Candid is tasked with interviewing potential suppliers of an online benefits system, but suspects it may be a pointless exercise
I would like to make this clear from the start: it wasn’t my idea. I had no intention of buying an online benefits system for this company. We don’t need one and we don’t want one. I hope that is crystal clear. I just needed to say it out loud again, although I am blue in the face from saying it to Big Bad Boss. He is deaf to my claims. He has had a day of golf and a jolly nice lunch with his mate at Smarmy Consultants, and we are buying its system. That is that.
But even that wouldn’t be so bad, if we could just take it and get it over with. Oh no. We have to do a full-blown tender process and beauty parade with Smarmy Consultant’s competitors too. Let me correct that – I have to go through a full-blown tender process and beauty parade, even though Big Bad Boss has clearly made the decision on the links already.

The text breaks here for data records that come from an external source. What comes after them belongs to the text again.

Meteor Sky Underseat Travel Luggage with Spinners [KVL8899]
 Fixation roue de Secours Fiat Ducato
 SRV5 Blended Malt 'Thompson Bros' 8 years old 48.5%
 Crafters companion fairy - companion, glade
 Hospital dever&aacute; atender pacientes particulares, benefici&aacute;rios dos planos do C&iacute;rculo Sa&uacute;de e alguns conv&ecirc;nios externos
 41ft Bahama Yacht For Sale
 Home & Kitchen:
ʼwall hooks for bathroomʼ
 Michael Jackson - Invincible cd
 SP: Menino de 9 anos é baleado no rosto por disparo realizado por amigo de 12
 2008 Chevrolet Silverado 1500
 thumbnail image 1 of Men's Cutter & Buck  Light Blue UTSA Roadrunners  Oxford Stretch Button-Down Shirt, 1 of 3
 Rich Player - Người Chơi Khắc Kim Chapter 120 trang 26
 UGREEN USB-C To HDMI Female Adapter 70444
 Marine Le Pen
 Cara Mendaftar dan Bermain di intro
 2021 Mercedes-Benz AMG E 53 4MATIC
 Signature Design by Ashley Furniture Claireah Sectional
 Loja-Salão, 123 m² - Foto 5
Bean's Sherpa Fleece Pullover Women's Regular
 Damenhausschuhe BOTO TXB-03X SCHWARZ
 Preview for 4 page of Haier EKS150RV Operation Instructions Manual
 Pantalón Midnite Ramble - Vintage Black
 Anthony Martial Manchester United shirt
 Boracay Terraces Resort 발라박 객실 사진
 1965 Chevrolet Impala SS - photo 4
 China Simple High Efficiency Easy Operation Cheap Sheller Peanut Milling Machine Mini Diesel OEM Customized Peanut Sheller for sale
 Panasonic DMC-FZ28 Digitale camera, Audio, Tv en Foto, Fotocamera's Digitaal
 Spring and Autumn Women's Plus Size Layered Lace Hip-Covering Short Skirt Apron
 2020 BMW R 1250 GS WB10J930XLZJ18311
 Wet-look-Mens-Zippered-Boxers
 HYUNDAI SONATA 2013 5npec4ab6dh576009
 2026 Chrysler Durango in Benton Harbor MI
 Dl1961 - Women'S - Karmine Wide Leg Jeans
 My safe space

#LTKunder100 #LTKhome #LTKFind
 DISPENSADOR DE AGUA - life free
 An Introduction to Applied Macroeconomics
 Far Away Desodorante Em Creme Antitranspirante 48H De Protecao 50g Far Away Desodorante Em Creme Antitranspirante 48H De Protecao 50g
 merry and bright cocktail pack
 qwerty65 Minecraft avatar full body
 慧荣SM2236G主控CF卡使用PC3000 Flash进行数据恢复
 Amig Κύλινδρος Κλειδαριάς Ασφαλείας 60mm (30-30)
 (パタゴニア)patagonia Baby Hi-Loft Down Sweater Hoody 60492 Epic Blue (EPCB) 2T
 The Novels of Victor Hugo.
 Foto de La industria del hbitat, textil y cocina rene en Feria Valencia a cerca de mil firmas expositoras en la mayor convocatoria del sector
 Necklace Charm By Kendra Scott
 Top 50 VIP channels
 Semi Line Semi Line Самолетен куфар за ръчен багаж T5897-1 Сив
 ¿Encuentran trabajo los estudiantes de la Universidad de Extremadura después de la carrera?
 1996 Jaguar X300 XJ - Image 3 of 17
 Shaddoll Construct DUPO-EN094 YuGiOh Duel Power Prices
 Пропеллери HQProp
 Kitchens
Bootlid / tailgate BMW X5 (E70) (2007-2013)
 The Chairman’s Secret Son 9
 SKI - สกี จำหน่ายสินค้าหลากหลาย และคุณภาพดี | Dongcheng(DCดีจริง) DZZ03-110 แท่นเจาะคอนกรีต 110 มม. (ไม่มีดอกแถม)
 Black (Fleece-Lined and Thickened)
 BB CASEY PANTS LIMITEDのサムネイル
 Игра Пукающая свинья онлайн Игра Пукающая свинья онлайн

First up for the demonstration is Smarmy. It has already shown Big Bad Boss its system, focusing on the magic-reporting functionality. Its system can spit out reports by business unit, by location, and even work out the cost per employee. It seduced Big Bad Boss by showing him you can click and get a report on the cost of your benefits worldwide by detailed subcategory.
Call me a pragmatist, but I can see a fatal flaw already. We don’t know the cost of our benefits worldwide by detailed subcategory. We don’t even know what we spend on coffee in head office, let alone anything anywhere else. Those cowboys in finance code everything to one big bucket called ‘fringe’ and no one has a clue what is in there.
That doesn’t matter, the consultant tells me airily. They will help me put all the data in the system. I am filled with a sense of dread at this gloomy realisation: I will be the one putting all the data in the system; I will be the one to have to implement this stupid system we do not need and do not even want. Sigh.
Next I have to visit Mercenary Brokers at its swish offices in the city. I only get a sandwich lunch, so it must realise I am not the real decision-maker. I do, however, get a four-hour (yes, four-hour) demonstration of the system. Yawn. I wonder how an earth I am going to stay awake. Then they introduce me to Ben, their system guru, who is going to demonstrate the tool in detail. Ben is rather good-looking and I decide that he can show me his tool all he likes. Things are definitely looking up.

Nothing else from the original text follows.